One explanation that is often mentioned is that of mortgage stress. The sharp increase in house prices that took place in the early 2000s meant that new home buyers have taken on levels of debt that are historically unprecedented even relative to incomes. Moreover, with low inflation and correspondingly lower growth in nominal incomes, the long-established pattern in which the ratio of mortgage repayments (fixed in nominal terms) to income fell rapidly after a few years, has ceased to apply. A mortgage that is hard to repay when it is first taken out remains hard to repay for years afterwards, and it could become impossible to meet if one earner becomes unemployed or withdraws from the workforce to bring up children.
“Far from reflecting a struggle to put a roof over our heads, the debt boom of the 1990s and early 2000s was associated with a massive upgrade in the consumption of housing services.”
There was undoubtedly an increase in mortgage stress in the early years of this century, when the ratio of repayments on new loans to household disposable incomes rose above 30%. But even in the mid-2000s, the majority of middle-income households did not have outstanding mortgages and most of those who did owed less than $200,000. Since then, the ratio of repayments to income has fallen and is now at much the same level as in the mid-1980s.
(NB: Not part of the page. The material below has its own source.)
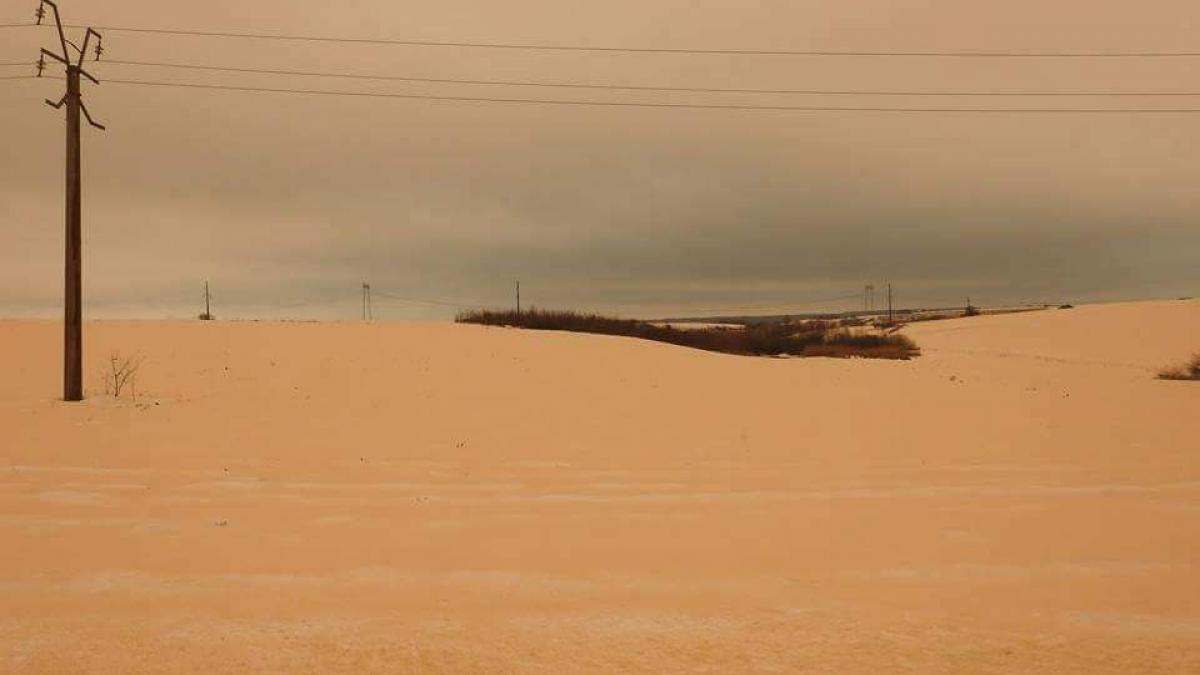 un fenomen rar in romania a nins cu zapada galbena la braila un artist de la noi a publicat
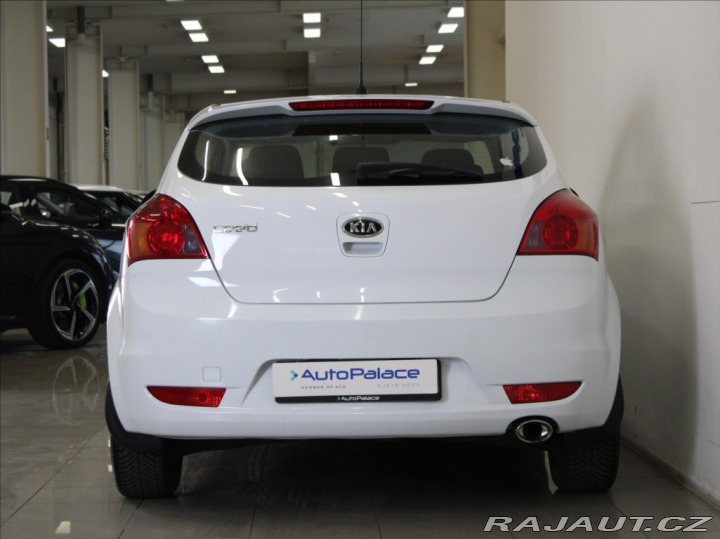 Kia Ceed 1,4 CVVT 80kW ProCeed 1.m 2009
The ratio of household debt to income has also fallen, though not quite so fast. The rapid increase in the debt ratio from 1990, when it was below 50% for the average household, to the mid-2000s, when it was nearly 150%, certainly caused plenty of alarm, even though it was more than matched by the growing value of equity in housing. But the debt ratio peaked in 2006. Households, which had negative levels of net saving at the height of the housing boom, are now saving around 10% of their income, which implies that debt levels may fall. The much-maligned increase in public debt has in fact been part of a rebalancing that is making Australia’s debt levels, as a whole, more sustainable.
Far from reflecting a struggle to put a roof over our heads, the debt boom of the 1990s and early 2000s was associated with a massive upgrade in the consumption of housing services. The floor area of the average new house rose greatly (an increase of around 40% just between 1984-85 and 2002-03), and the cost and quality of standard fittings increased as well. For example, granite benchtops, an example of luxurious excess as recently as the 1990s, became, and remain, commonplace.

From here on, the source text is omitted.